[Image-caption web data]
=======
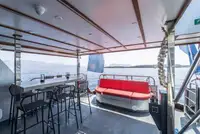 મોટર જહાજ વેચાણ માટે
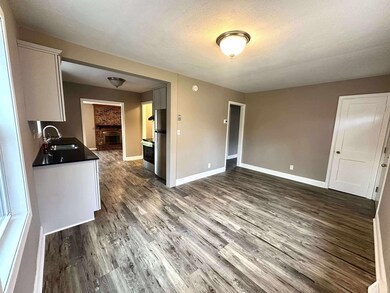 9030 Oakland Ave S, Bloomington, MN 55420 - photo 5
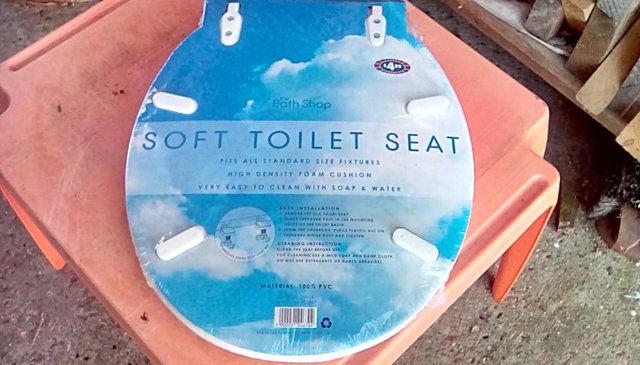 Preview of the first image of Brand New Soft Toilet Seat (white).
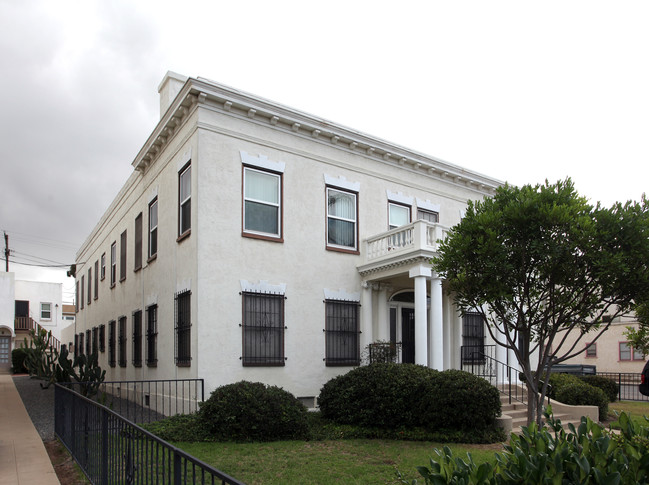 Apartments On The Park in San Diego, CA - Building Photo - Building Photo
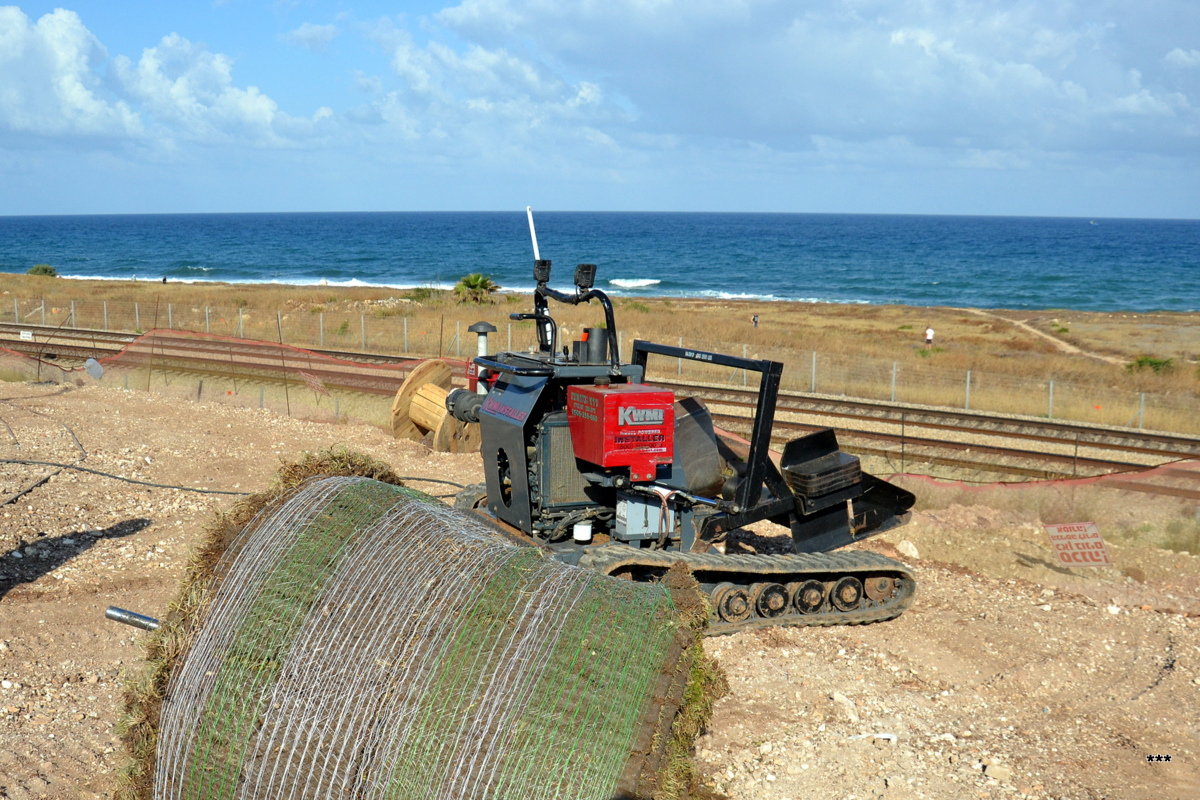 Миникомбайн гусеничный для укладки газона KWMI (Mini Harvester KWMI). Израиль, Хайфа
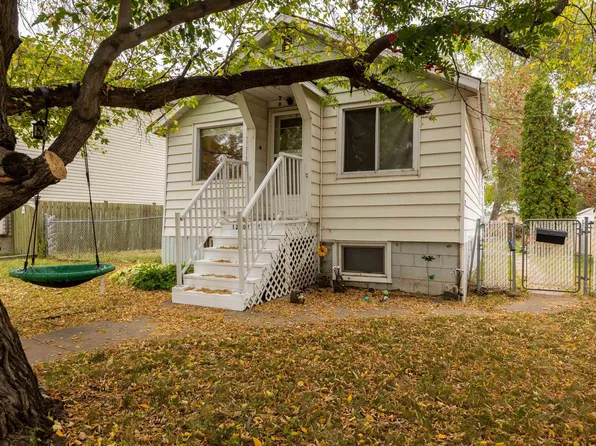12707 73rd St NW, Edmonton, AB T5C 0T1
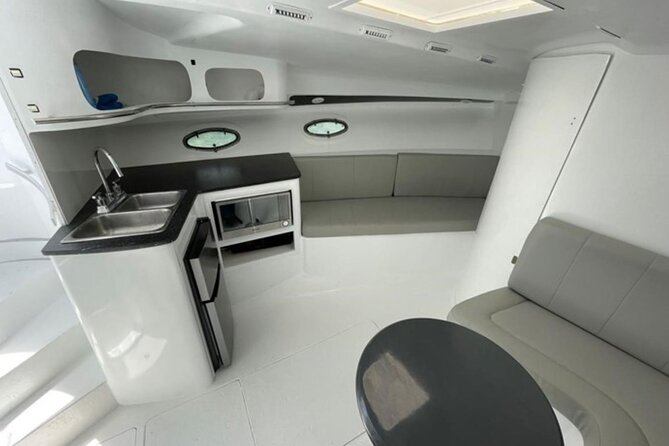 Yacht experience in Cancun: cruise, swim and sunset views - Who this yacht experience suits best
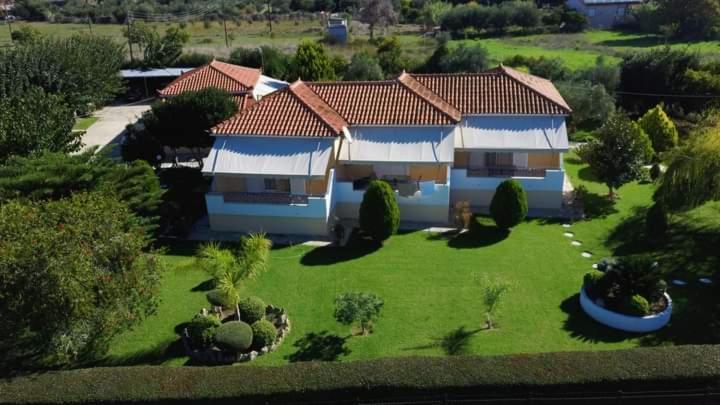 דירות פיניקונטה Katerina House מראה חיצוני תמונה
=======
→ **Activity**
Your task is to restate word for word the lines from the one containing "Yacht experience in" through the last line of the data, both ends included, with no pictures.

→ **Task result**
 Yacht experience in Cancun: cruise, swim and sunset views - Who this yacht experience suits best
 דירות פיניקונטה Katerina House מראה חיצוני תמונה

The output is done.